Saat ayam sudah berhenti berkokok dan sepuluh menit
sebelum pukul tujuh lewat sepuluh. Herman sedang duduk menggelesot di teras
seraya membolak-balik halaman koran satu persatu dengan tak sabar. Tidak ada
yang menarik. Tidak ada yang menarik. Lagi-lagi tidak ada yang menarik! Herman
telah kehabisan bacaan yang menggelitik untuk merefresingkan otaknya dari
rutinitas belajar. Ia telah membaca majalah bisnis milik akongnya. Tidak ada
yang menarik. Ia juga telah membaca buku neraca lama di meja akongnya. Juga
tidak ada yang menarik. Terakhir sebelum ia menyerah, ia menemukan koran! Masih
saja tidak menarik! Berita-berita yang menggelikan baginya. Ekonomi &
Bisnis. Pendidikan. Olagraga. Apalagi politik! Alah! Berita kriminal? Memang
agak berhasil menarik perhatiannya. Ia membaca karena penasaran sekaligus lumayan
menjadikannya sebagai bahan cercaan, “Masih ada ya penjahat blo’on macam ini? Para penjahat jaman
sekarang ndak makai jidatnya buat
mikir agar mereka ndak ketangkap.
Dasar blo’on!” Tapi hanya sebutuhnya,
tak sampai rampung paragraf-per-paragraf dibacanya. Lantas, tepat kali ketujuh
ia menyibak-nyibak halaman secara serabutan setelah membaca sedikit berita
kriminal, Herman menemukan kolom Astrologi Jawa oleh Ki Adinagoro. Ia dekatkan mata sipitnya ke
koran, membaca sebentar,berhenti, lalu tiba-tiba bertanya, “Oya, Akong kapan
lahirnya?”
“23 Mei. Sad-da. Ada ndak, Her?”
Kata Akong seraya memalingkan wajahnya dari sepincuk sarapan nasi
pecel lauk ikan bandeng ke arah Herman dengan tangan kanan masih mengepal penuh
sejumput nasi.
“Ada Kong. Tak bacak-ke ya...”Jawab Herman.
~O~
Akong mati. Akong mati secepat kilat pada hari Minggu,
tepat pukul tujuh lewat sepuluh tanggal tujuh bulan kesepuluh tahun dua ribu
tujuh, lima hari lalu.
Pemasangan berita duka di koran—menilik Akong adalah
salah satu seorang pedagang kain china tersohor di daerahnya—hingga upacara
pemakaman yang dilangsungkan cukup besar-besaran dengan menyewa suhu dan cai ma2,
telah selesai. Tangisan kencang sekencang-kencangnya, bagai raungan kuda yang
benar-benar kesakitan, oleh sanak saudara (baik bagi mereka yang
sungguh-sungguh dirundung duka mendalam maupun yang sungguh-sungguh khusyuk
dengan kepura-puraan), juga telah rampung. Lantas kerumunan pelayat segera
tercerai-berai ke arah mobil masing-masing. Pemakaman menjadi macet, ricuh,
padat merayap. Terpaksa beberapa kelompok pelayat harus mengalah untuk berdiam
diri dulu di belakang menunggu antrian depan, depannya lagi, dan depan-depannya
lagi agar cepat keluar dari area pemakaman. Pada akhirnya apa yang dipendam
mereka sejak upacara tutup peti tiga hari lalu, terlepeh juga. Gerombolan ai-ai3,
juga terselip satu apek4, berbisik pelan penuh hasrat.

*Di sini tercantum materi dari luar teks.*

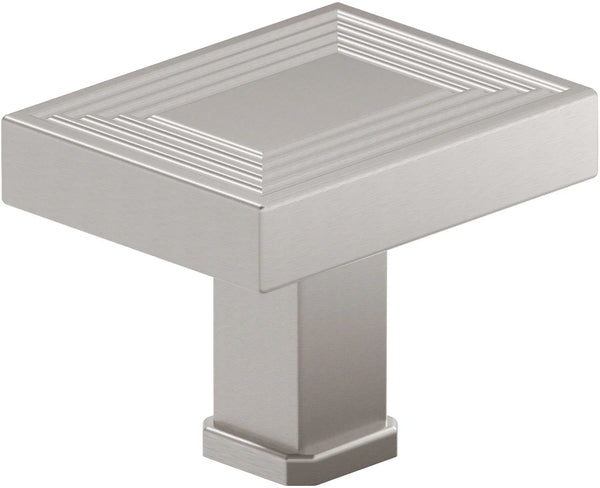 Como Transitional Metal Knob BP87883545195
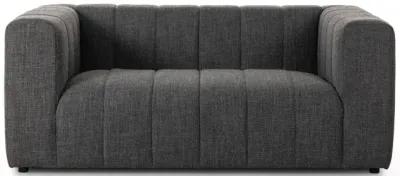 Langham 71" Channeled Sofa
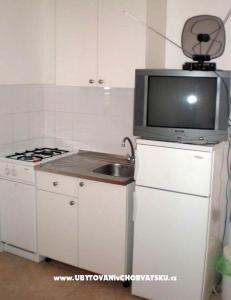 Apartmanok MIMA fotó 3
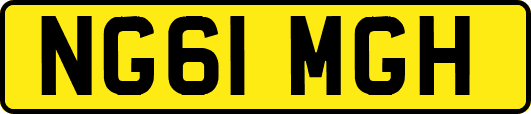 NG61MGH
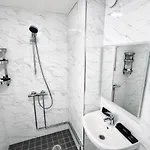 Apartament Katariina Kotka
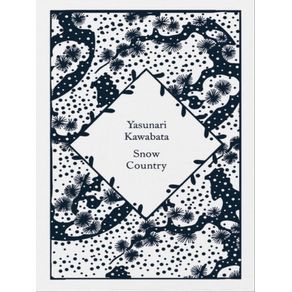 1050101.jpg 1050101.jpg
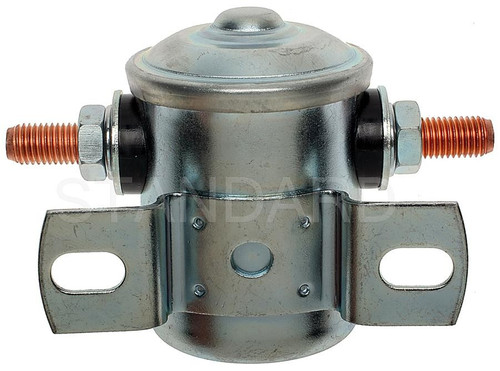 Standard Ignition Starter Solenoid SS-616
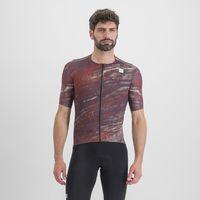 Actual product image Sportful Cliff Supergiara Jersey (XL)
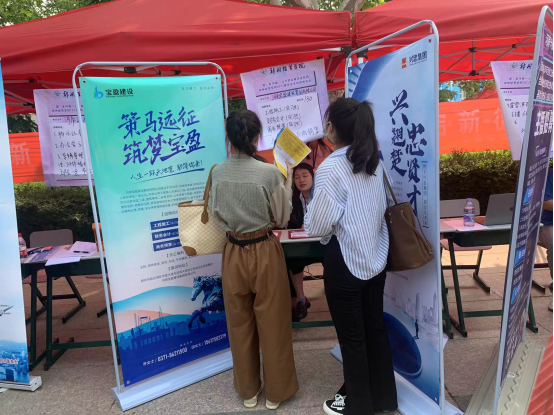 1681979999109404.png image.png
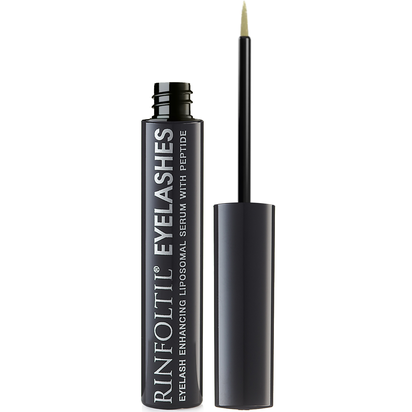 RINFOLTIL®
EYELASHES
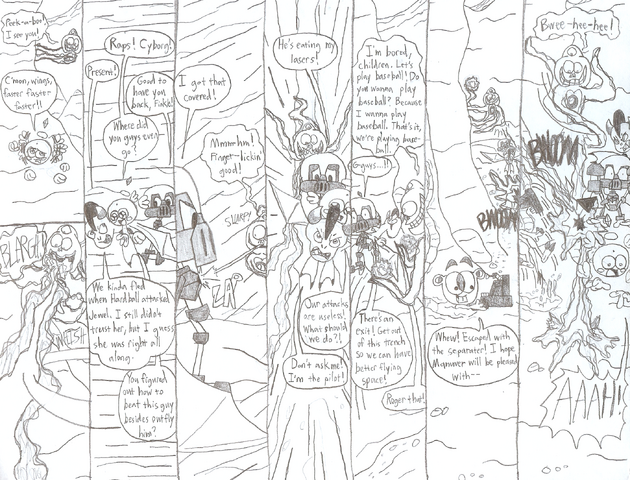 File:Batteck 81.png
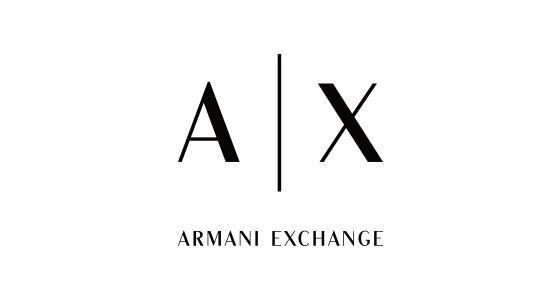 ファッション人材リンク株式会社札幌支店　ARMANI EXCHANGE＊アパレル販売/仙台店352【FJL】のアルバイト写真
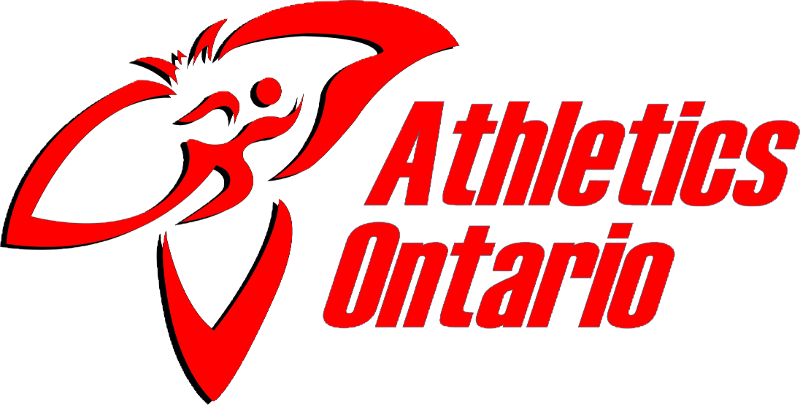 Athletics Ontario Blog.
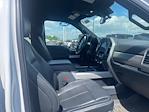 2022 Ford F-250 Crew Cab 4x4 Pickup for sale #J6835A - photo 5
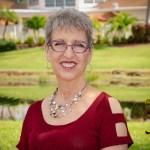 Agent Karen Riesenberg (Ph: +18884212152), MLS ID: 0668126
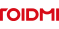 ROIDMI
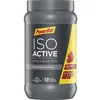 Image de Powerbar sportdrank | IsoActive | Red Fruit | 600 gram - 9 liter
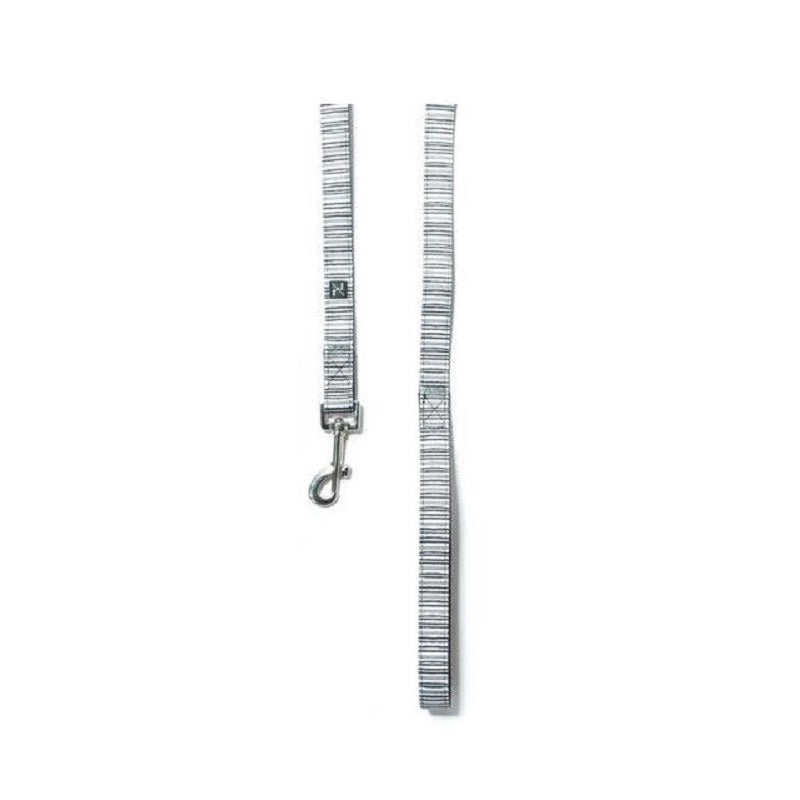 Petsleisure Pet Leashes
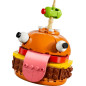 LEGO Fortnite 77070 Hamburrrguesa LEGO Fortnite 77070 Hamburrrguesa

“Pssttt.. Psssttt.. Sinio, sinio,
merapatlah yang rapat..” kata seorang ai menarik lengan ai yang lain. “Sinio lho.. Sini.. Ndak enak kalau
kedengaran yang lain.” Lantas ai yang lain juga turut menarik lengan ai yang
lainnya lagi. “Kalian ndak pada penasaran ya, sama cara meninggalnya Akong
Liong?”
“Iya, emang kenapa sih? Yang benar gimana? Sebab,
keluarga besar Akong menutup-nutupi penyebab meninggalnya Akong.” Tanya ai
kedua.
“Ada yang bilang, meninggal karena jantungan setelah
menelepon.” Ujar ai ketiga.
“Tidak. Tidak. Tidak begitu. Ndak gitu! Saya dengar dari keluarga intinya, Akong Liong
meninggal karena keracunan makanan.” Sahut apek satu-satunya.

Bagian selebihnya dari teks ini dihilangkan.